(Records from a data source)
════════════════
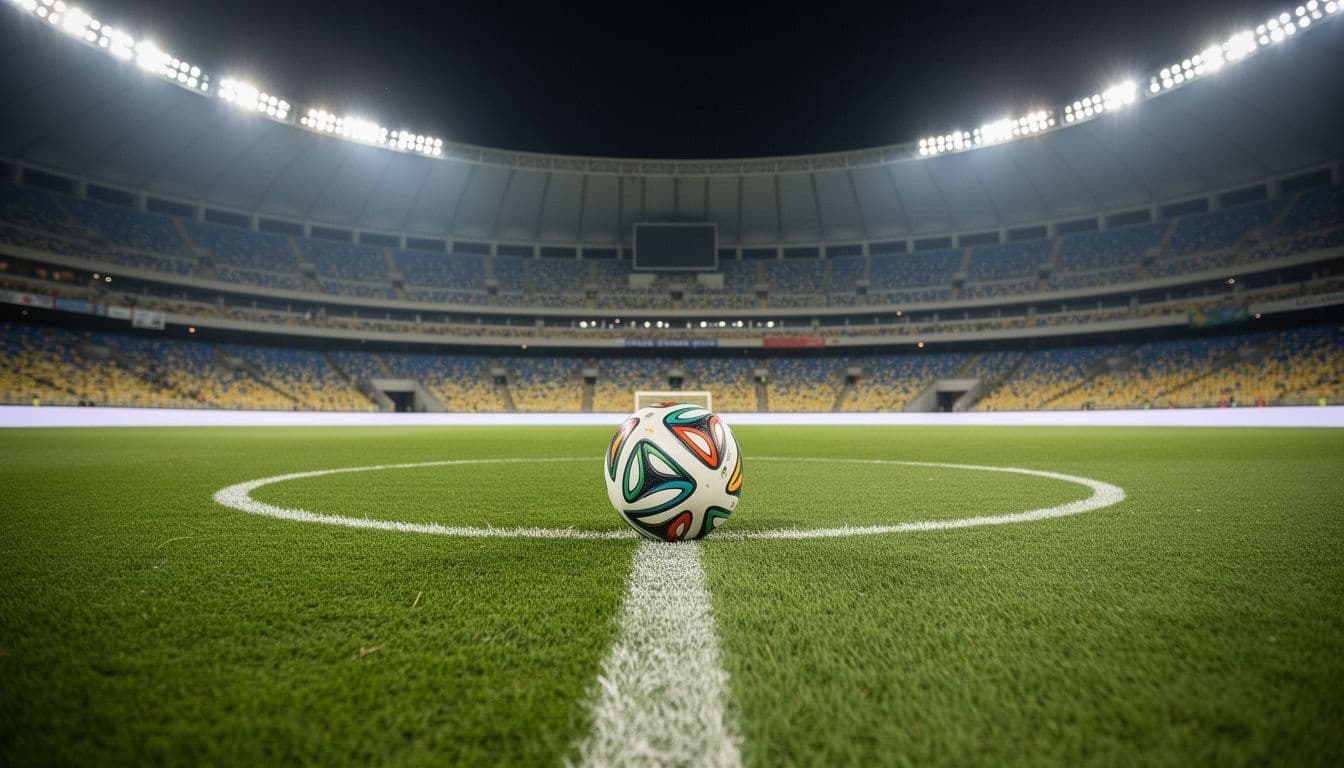A soccer ball on the center spot of a floodlit stadium pitch before a match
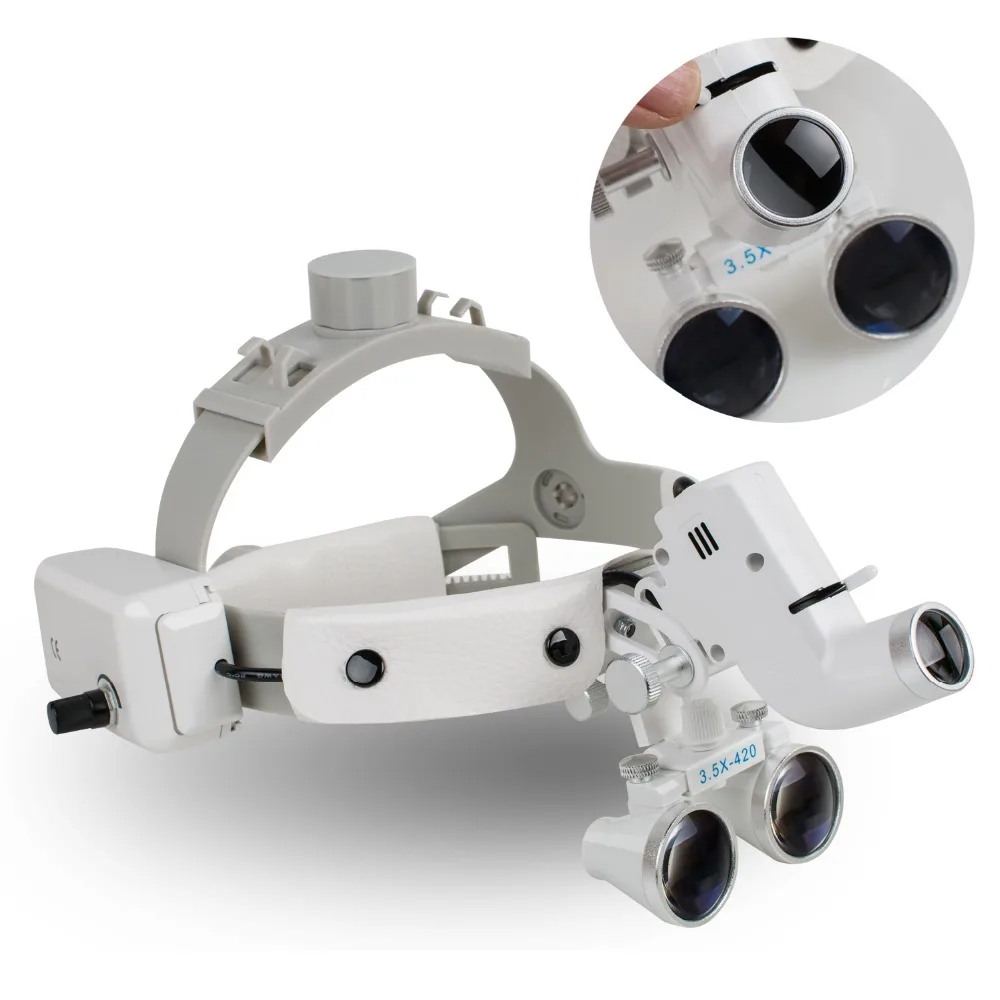 Стоматологические бинокулярные лупы очки головная лента лупа со светодиодный светильник 3.5X-420 оптический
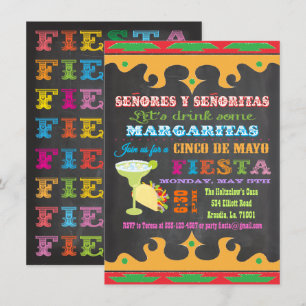 Chalkboard Mexican Fiesta Cinco de Mayo bjudan Inbjudningar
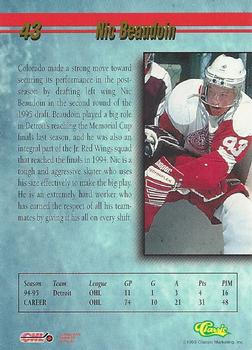 1995 Classic Hockey Draft #43 Nic Beaudoin Back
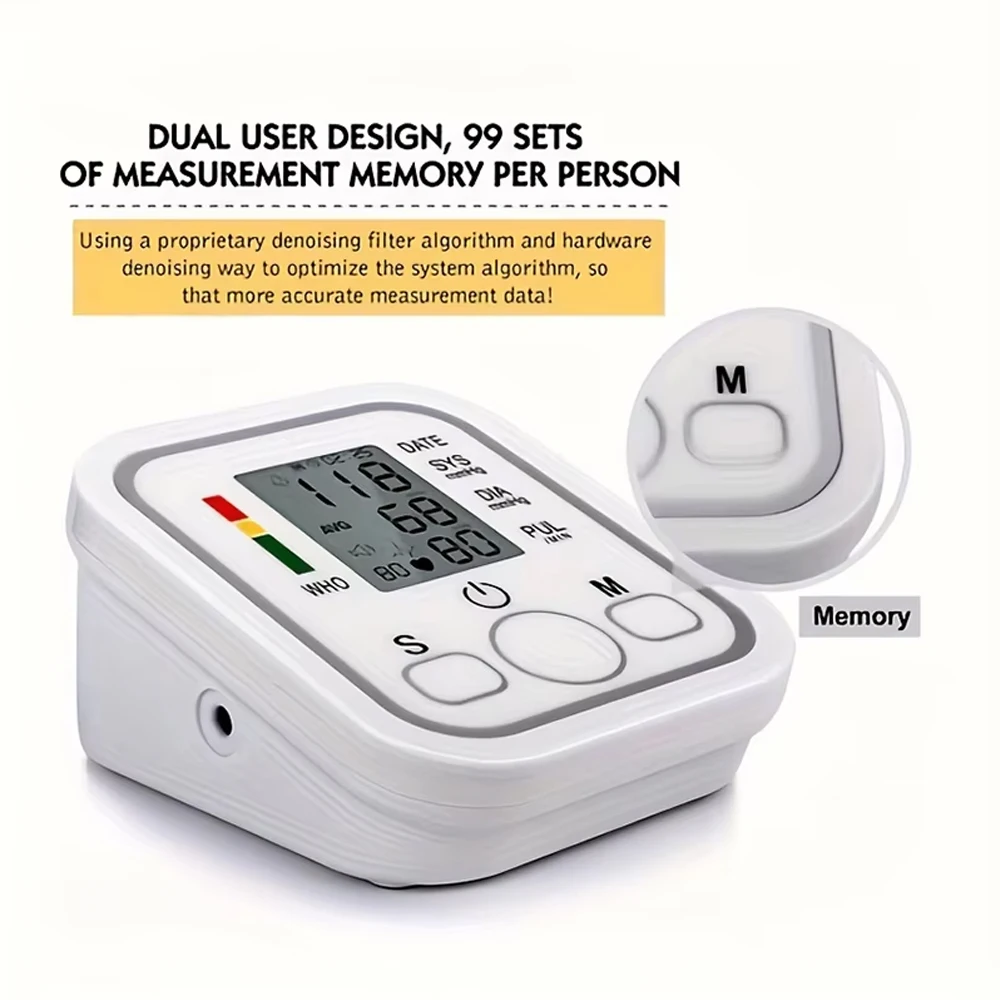 เครื่องวัดความดันโลหิตแบบพกพา Digital Tensiometer Heart Rate Monit อุปกรณ์อัตโนมัติ Professional Medical Sphygmomanometer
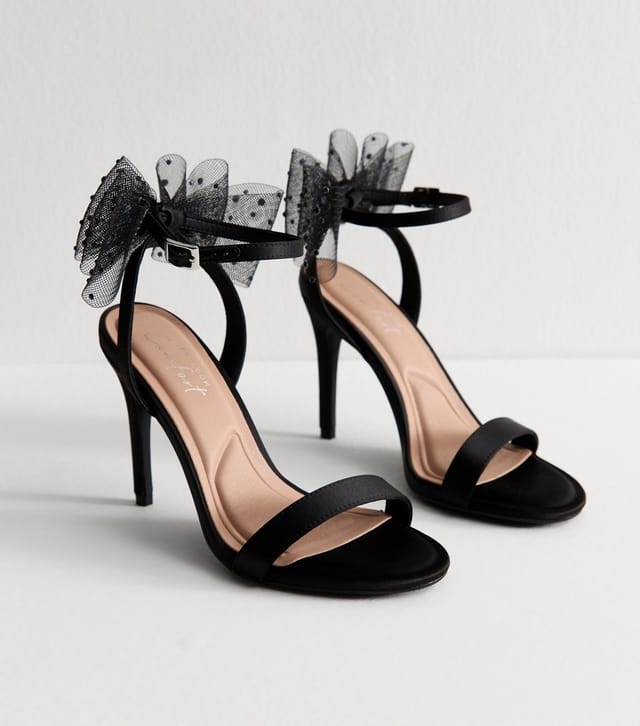 New Look Women's Black Satin Embellished Mesh Bow Sandals Vegan New Look - 2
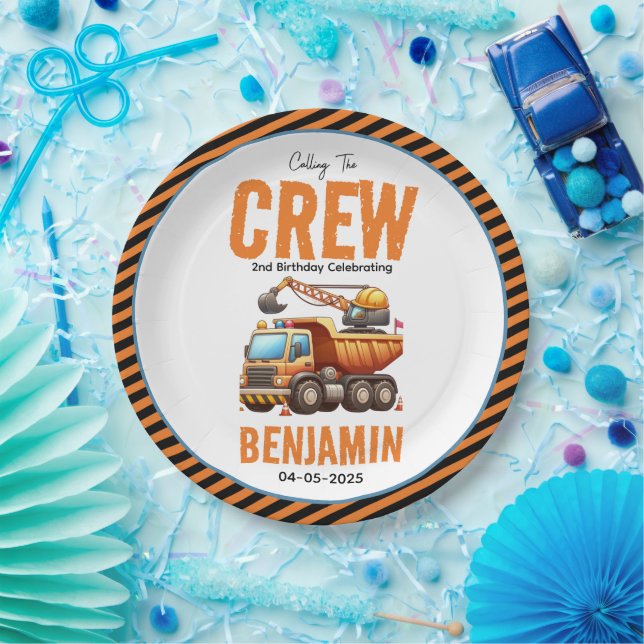 Prato De Papel Segundo aniversário de Bombeiros de Construção (Festa)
════════════════
**ABOUT THIS TASK**
Would you restate word for word only the lines from the line with "Chalkboard Mexican Fiesta" to the last line above, with the pictures left out?

**OUTPUT**
 Chalkboard Mexican Fiesta Cinco de Mayo bjudan Inbjudningar
 1995 Classic Hockey Draft #43 Nic Beaudoin Back
 เครื่องวัดความดันโลหิตแบบพกพา Digital Tensiometer Heart Rate Monit อุปกรณ์อัตโนมัติ Professional Medical Sphygmomanometer
 New Look Women's Black Satin Embellished Mesh Bow Sandals Vegan New Look - 2
 Prato De Papel Segundo aniversário de Bombeiros de Construção (Festa)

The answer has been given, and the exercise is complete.